*** Given records Section Begins ***

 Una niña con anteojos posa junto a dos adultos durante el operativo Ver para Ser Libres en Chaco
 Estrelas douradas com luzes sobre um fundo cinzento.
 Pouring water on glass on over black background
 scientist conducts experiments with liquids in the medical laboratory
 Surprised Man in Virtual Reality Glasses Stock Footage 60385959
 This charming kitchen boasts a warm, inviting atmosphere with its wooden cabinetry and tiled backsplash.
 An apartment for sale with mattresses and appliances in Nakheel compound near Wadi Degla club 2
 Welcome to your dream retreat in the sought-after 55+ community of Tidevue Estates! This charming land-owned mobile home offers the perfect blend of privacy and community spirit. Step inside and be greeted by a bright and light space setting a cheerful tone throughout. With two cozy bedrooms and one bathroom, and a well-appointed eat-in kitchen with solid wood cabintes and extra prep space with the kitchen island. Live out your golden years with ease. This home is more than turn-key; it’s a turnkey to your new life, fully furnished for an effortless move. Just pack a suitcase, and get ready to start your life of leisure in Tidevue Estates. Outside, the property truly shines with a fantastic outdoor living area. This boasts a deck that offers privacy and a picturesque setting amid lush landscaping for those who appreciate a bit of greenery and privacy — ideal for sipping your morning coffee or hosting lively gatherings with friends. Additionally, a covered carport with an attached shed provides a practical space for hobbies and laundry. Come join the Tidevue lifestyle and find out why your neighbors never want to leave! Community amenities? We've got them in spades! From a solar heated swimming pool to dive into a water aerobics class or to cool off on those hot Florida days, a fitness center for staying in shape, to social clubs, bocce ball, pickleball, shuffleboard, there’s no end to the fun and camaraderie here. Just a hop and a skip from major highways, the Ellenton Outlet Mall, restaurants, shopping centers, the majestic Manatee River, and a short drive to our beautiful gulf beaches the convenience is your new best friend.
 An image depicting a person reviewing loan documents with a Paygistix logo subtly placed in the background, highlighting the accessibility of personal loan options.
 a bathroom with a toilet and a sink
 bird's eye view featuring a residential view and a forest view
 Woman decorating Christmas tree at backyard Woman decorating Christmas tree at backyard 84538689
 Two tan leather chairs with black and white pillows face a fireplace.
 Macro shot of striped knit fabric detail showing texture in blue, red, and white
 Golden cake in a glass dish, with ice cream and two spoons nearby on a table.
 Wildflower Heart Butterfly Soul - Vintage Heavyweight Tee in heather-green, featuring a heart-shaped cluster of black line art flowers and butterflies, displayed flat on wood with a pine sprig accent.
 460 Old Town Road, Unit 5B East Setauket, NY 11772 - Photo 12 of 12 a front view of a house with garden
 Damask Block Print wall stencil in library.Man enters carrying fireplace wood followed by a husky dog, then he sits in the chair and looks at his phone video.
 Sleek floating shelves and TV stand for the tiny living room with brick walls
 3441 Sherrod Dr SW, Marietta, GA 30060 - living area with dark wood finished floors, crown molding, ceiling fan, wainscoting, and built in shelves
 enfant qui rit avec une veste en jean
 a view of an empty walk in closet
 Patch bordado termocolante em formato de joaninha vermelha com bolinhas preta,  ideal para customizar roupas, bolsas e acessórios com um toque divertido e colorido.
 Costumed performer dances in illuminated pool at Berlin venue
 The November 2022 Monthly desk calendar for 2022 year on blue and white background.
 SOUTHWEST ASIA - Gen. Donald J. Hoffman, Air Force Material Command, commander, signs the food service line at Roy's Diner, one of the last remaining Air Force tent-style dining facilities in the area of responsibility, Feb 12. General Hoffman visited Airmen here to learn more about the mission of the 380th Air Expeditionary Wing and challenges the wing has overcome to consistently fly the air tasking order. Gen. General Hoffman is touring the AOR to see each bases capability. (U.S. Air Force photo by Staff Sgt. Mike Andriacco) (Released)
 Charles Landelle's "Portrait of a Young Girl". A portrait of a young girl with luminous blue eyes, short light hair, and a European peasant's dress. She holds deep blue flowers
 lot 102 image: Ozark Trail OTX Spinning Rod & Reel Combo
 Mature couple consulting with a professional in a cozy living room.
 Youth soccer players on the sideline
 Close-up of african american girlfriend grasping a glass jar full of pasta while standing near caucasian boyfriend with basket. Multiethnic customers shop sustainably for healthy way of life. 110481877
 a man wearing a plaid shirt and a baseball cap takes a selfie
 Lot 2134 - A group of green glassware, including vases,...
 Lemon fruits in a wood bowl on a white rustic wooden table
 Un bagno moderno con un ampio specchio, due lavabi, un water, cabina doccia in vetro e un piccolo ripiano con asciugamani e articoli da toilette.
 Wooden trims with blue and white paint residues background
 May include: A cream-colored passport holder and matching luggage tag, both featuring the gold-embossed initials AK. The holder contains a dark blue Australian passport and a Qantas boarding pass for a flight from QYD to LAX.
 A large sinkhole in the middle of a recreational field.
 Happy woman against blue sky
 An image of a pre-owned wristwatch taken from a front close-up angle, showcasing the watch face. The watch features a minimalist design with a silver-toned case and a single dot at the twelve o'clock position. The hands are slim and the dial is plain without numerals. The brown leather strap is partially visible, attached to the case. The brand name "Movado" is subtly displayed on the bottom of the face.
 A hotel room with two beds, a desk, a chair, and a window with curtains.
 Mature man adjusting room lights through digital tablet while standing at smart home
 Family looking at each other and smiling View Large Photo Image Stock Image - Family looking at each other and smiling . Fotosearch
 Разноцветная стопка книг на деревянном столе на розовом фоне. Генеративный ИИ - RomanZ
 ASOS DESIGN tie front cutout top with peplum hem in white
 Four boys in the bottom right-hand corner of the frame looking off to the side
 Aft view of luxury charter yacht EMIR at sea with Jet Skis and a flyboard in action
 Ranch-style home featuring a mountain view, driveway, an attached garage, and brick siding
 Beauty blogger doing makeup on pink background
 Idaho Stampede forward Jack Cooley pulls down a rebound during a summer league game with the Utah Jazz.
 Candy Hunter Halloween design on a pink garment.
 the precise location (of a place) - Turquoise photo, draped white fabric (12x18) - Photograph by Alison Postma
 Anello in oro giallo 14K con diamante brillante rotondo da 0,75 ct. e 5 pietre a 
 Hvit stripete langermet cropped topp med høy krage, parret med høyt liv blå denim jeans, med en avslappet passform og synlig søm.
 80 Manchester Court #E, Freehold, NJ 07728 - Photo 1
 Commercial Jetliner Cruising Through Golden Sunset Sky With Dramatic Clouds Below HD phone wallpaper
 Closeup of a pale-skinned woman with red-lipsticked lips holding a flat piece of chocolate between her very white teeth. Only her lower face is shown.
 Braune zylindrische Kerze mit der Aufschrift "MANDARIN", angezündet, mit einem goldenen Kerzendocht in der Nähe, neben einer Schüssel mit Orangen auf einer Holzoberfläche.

*** Given records Section Ends ***

## Task to carry out
From the entries, report every line in which the string "fabric" occurs.

## Exercise answer
 Macro shot of striped knit fabric detail showing texture in blue, red, and white
 the precise location (of a place) - Turquoise photo, draped white fabric (12x18) - Photograph by Alison Postma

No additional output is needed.